WHAT TO WORK ON:
The whole listing below must be printed again exactly, images excluded.

INPUT DATA:
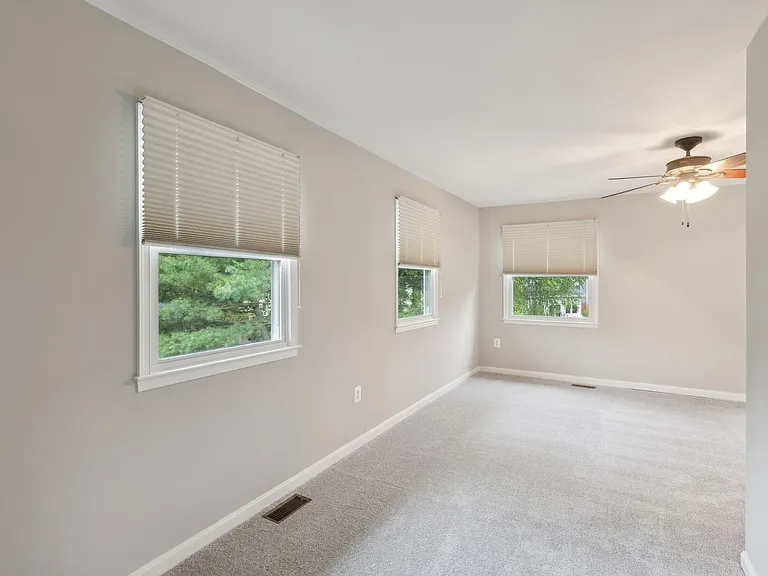 5335 Lake Cove Ct — Photo 14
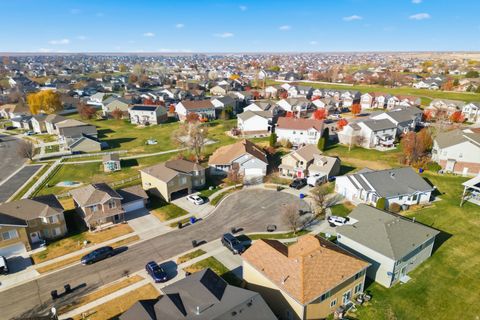 Tiny photo for 1430 S HEATHER LN, Syracuse, UT 84075 (MLS # 2124978)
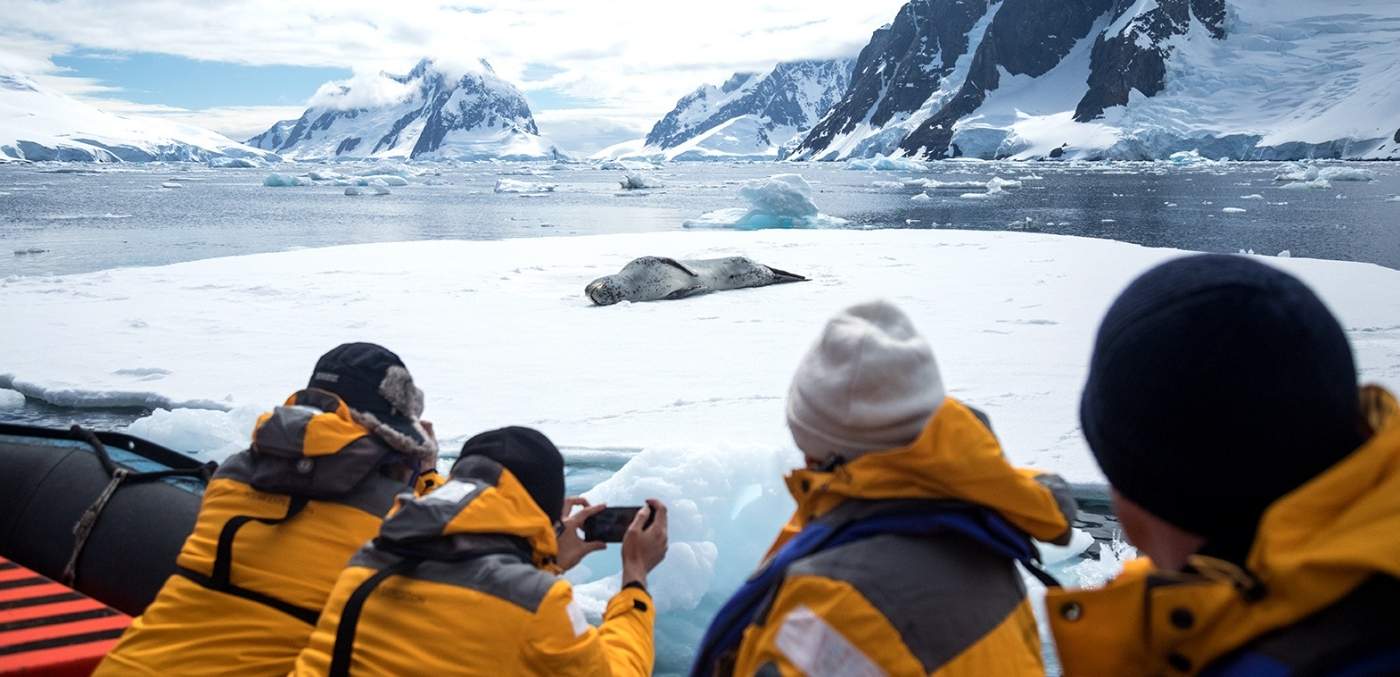 © Quark Expeditions/Acacia Johnson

OUTPUT:
 5335 Lake Cove Ct — Photo 14
 Tiny photo for 1430 S HEATHER LN, Syracuse, UT 84075 (MLS # 2124978)
 © Quark Expeditions/Acacia Johnson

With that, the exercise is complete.